How to Record a Landline Call
Landlines — copper POTS, VoIP-on-a-handset, or PBX — have the simplest recording options of any medium. An in-line tap, a handset adapter, or a PBX recording feature can produce broadcast-quality audio.
Native option
Most modern PBX and VoIP phone systems include a recording feature. On hosted VoIP (RingCentral, 8x8, Vonage, Microsoft Teams Phone, Zoom Phone, etc.), recording is enabled per-user or per-call by an administrator, the recording happens in the cloud, and an audible notice can be enabled to play at the start of recorded calls.

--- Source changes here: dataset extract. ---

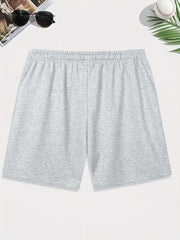 Men's Comfy Stretch Elastic Waist Drawstring Shorts for Summer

Plain copper POTS landlines have no native recording. To record, you need an in-line device or a tap on the handset.
Workarounds
1. In-line recorder (POTS / RJ11)
A small device sits between the phone and the wall jack and presents an audio output (3.5mm or USB) that can be fed into a recorder or computer. It taps the line without affecting the call.
- Quality: Excellent. The recorder captures the line audio directly.

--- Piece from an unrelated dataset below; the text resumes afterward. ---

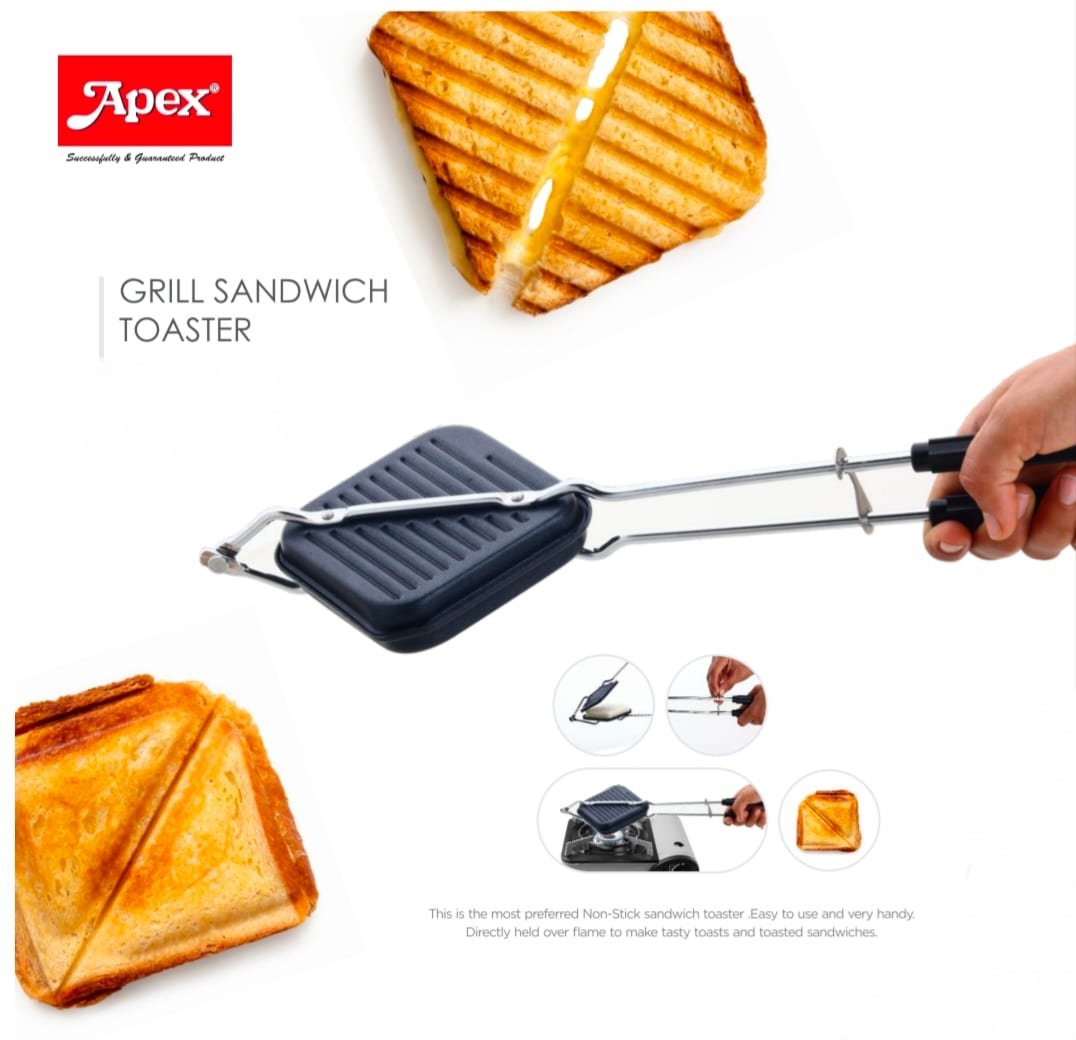 Apex Non-Stick Grill Sandwich Toaster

- Notified: No (unless you configure a beep generator).
- Cost: $30–$80 for a basic unit.
2. Handset adapter
A small adapter sits between the handset and the phone base. It taps both sides of the conversation as they pass through the handset coil.
- Quality: Very good.
- Notified: No.
3. PBX or VoIP recording feature
On modern hosted systems, recording is an administrative configuration. The administrator enables recording per-user, per-extension, or per-call; the recording happens server-side; the file is available in the system’s admin or user portal. Most systems offer an audible-notice option.

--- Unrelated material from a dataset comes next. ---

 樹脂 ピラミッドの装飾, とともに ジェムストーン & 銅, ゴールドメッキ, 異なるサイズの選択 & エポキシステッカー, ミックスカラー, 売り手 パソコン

4. Bluetooth speakerphone + recorder
If the phone has Bluetooth, pair it with a Bluetooth-enabled recorder or a computer’s audio-in. The call audio passes over Bluetooth and can be recorded on the receiving end.
Where the recording lives and how to export it
- In-line / handset adapter: the recorder’s internal storage or a connected computer.
- PBX / hosted VoIP: the system’s cloud storage; admin can export.
Common failure modes
- Hum or noise on in-line tap. Cheap taps can pick up line noise. Try a balanced tap or an isolating transformer.
- One-sided audio on handset adapter. Position matters; some adapters bias toward one direction.
- PBX recording not appearing. Confirm the administrator has enabled it for the specific extension and that the user’s licensing tier includes recording.
Legal reminder
Whether you may record a call — with this platform or any other — depends on the law in every jurisdiction whose participants are on the call. See our jurisdiction-by-jurisdiction directory, the one-party vs. all-party explainer, and our consent script templates. Federal US law and most US states permit a participant to record, but thirteen US states and many countries require all-party consent.